Saat ini dunia usaha lagi gegana (gelisah, galau merana) bukan karena tidak ada duit, tetapi karena lemahnya pasar! Duit justru berlimpah dan menganggur, baik dari pengusaha yang mengendurkan atau malah menghentikan aktivitas bisnisnya, dan juga dari dana tidur masyarakat (tabungan/ dana pensiun)
Coba cek bunga tabungan dan deposito saat ini, rendah sekali. Hal mana membuat para pensiunan yang mengandalkan bunga deposito untuk kehidupan sehari-harinya menjadi terpukul.
Nah ini saat yang tepat bagi Bulog untuk mengeluarkan obligasi. Dengan bunga 8% saja pastinya akan segera ludes diserbu pasar! Nah, Bulog kini sudah punya silo dan modal besar untuk main beras!
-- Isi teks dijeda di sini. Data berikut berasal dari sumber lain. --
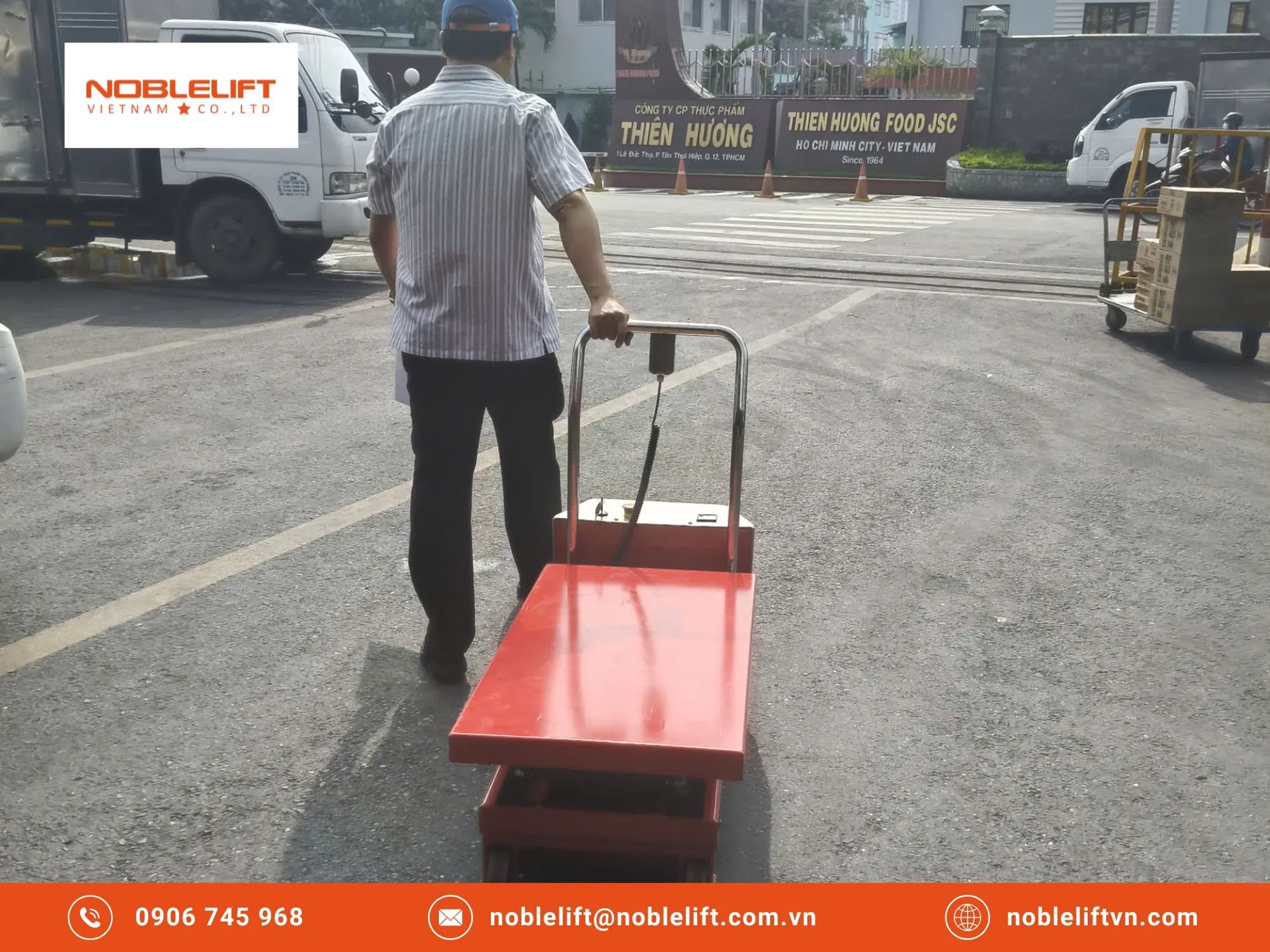 Noblelift Việt Nam – Tổng kho phân phối Xe nâng mặt bàn 500kg 1000kg thủy lực giá gốc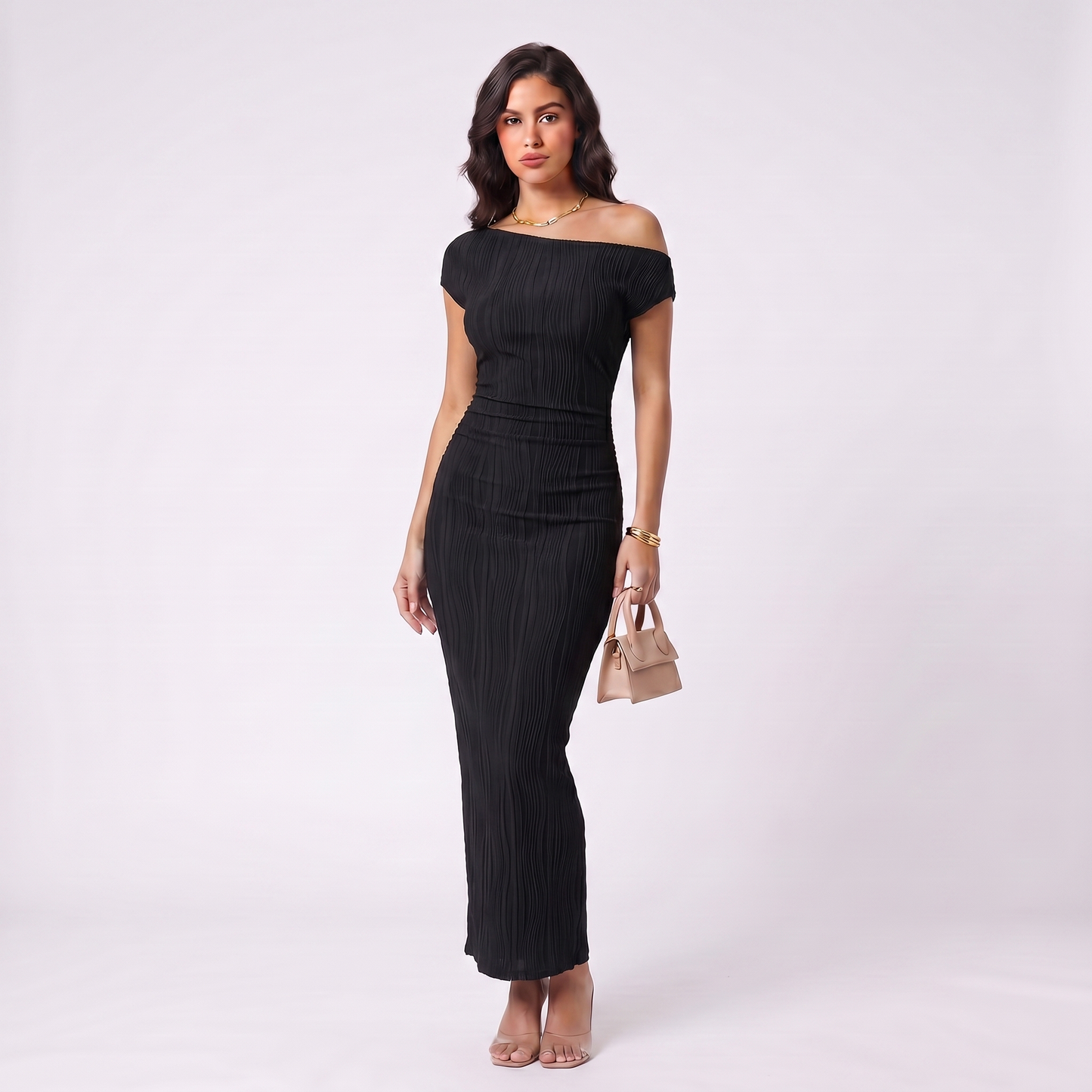 Aurelia | Elegantes schulterfreies Abendkleid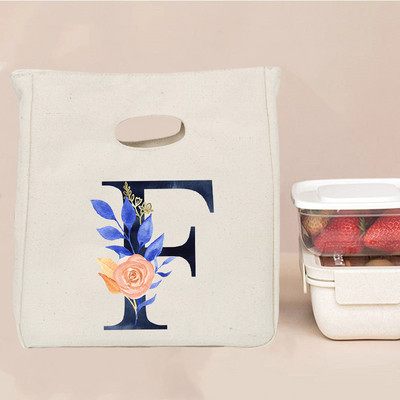 Εκτύπωση επιστολής Φορητή τσάντα μεσημεριανού γεύματος Θερμομόνωση Bento Box Totes Ψυγείο γραφείου Δοχείο αποθήκευσης τροφίμων Σχολικές τσάντες για πικνίκ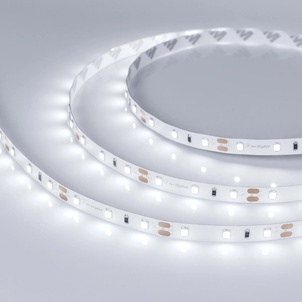 Лента светодиодная RT-A60-8mm 12V White6000 (4.8 W/m, IP20, 2835, 5m) (Arlight, -)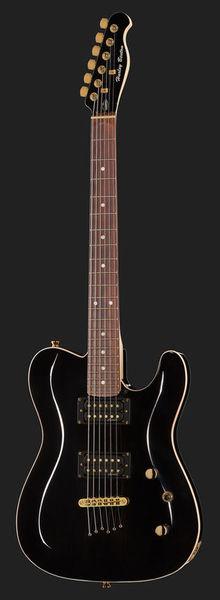harley benton electric guitars harley benton te-40 tbk bundle 3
Dengan silo, gudang besar plus modal tadi, saya berani menjamin akan membeli seluruh hasil panen petani di atas harga ketetapan pemerintah sendiri! Statement ini otomatis akan mendongkrak harga gabah di tingkat petani.
Lha, bagaimana caranya? Wong selama ini di bawah harga ketetapan pemerintah saja Bulog tak pernah sanggup untuk membeli gabah petani!
Mari kita cek dulu harga gabah/beras ini. Mengacu kepada Permendag No. 24 Tahun 2020, harga HPP (Harga Pokok Pembelian) gabah untuk GKP (Gabah Kering Panen) adalah Rp 4.200/kg.Â
Sedangkan untuk GKG (Gabah Kering Giling) adalah Rp 5.205/kg. Sementara HET (Harga Eceran Tertinggi) beras medium sebesar Rp 9.450-10.250/kg. Padahal menurut Pusat Informasi Harga Pasar Strategis Nasional (PIHPS) harga beras rata-rata Rp 11.800/ kg pada tahun 2020 kemarin.
Nah sekarang kita pantengin kalkulator Bulog. Rendemen GKG itu berkisar 63% artinya dari 100 kg GKG menghasilkan 63 kg beras, yang terdiri dari beras Medium dan beras Premium.Â
Kualitas beras ini (medium atau premium tersebut) sangat ditentukan oleh teknologi/efisiensi dari mesin giling padi tersebut. Harga eceran beras premium sendiri bisa mencapai Rp 20.000/kg.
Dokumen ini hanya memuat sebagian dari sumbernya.